Inventories at all three divisions are in good condition — at 10.7 percent more than last year, primarily reflecting square footage growth at Target Stores, said Doug Scovanner, executive vp and cfo, during a conference call.
Several weeks ago, Target launched its Target Store on Amazon.com, and Gerry Storch, vice chairman, called the partnership "a breakthrough for guests and Internet shopping [that] creates a strong competitive advantage for Target." Its initial edited selection of Target merchandise will be expanded next year to a more comprehensive merchandise selection.
Target will relaunch an upgraded Target.com next summer, and it will combine the entire assortment of target.com, marshallfields.com and giftcatalog.com, as well as Amazon's complete assortment of books, music and videos. Though Mervyn's will have a few items on the upgraded site, it will not be a focus.
The rollout of Target and Visa's Smart card began this quarter, and Target is pleased with its debut.
Meanwhile, Target's supply chain and in-stock initiatives have had "tangible and positive results," he said.
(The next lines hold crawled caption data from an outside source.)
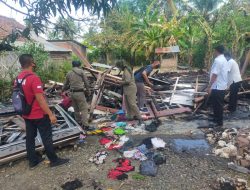 Tungku Dapur Bakar Rumah Sampai Ludes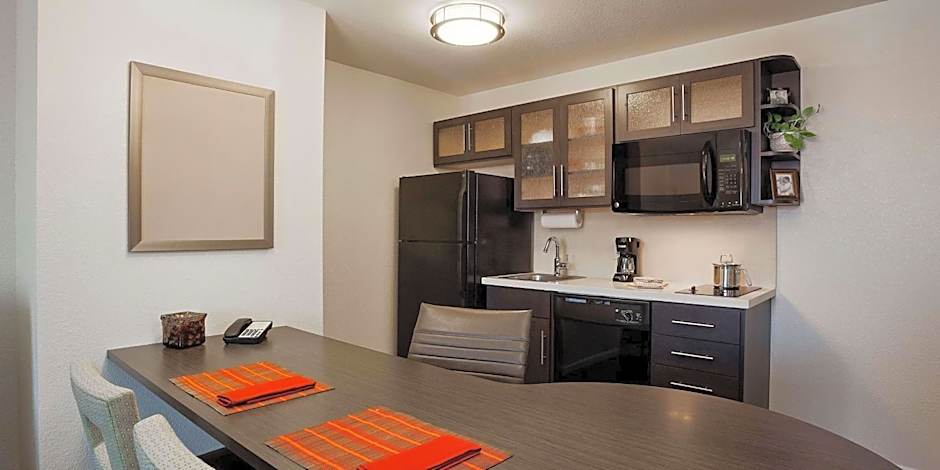Candlewood Suites Wichita Airport By IHG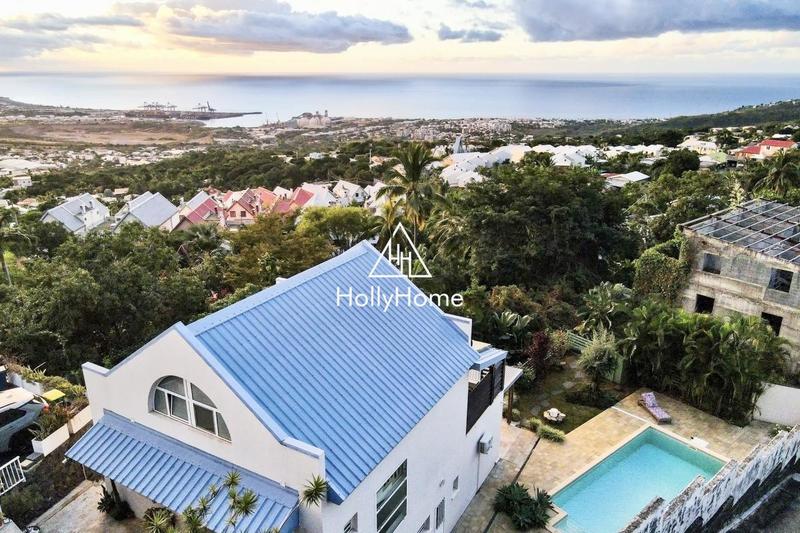 Maison ancienne - 172 m² - 6 pièces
Target currently has the highest in-stock in history on its top 1,000 items, and among one of the highest for the rest of the assortment, due in part to such programs as keeping stock closer to stores in the DCs and highlighting product with special stickers for the shelves.
Target also opened its first import warehouse this year, as well as a pre-DC.
Along with strong trends in toys and electronics so far this holiday season, the home categories were also strong, said Gregg Steinhafel, president, Target Stores. Mervyn's is also looking to improve, as it continues to maximize "up-trending" areas such as decorative home, said Diane Neal, president, Mervyn's, and downsize underperforming areas.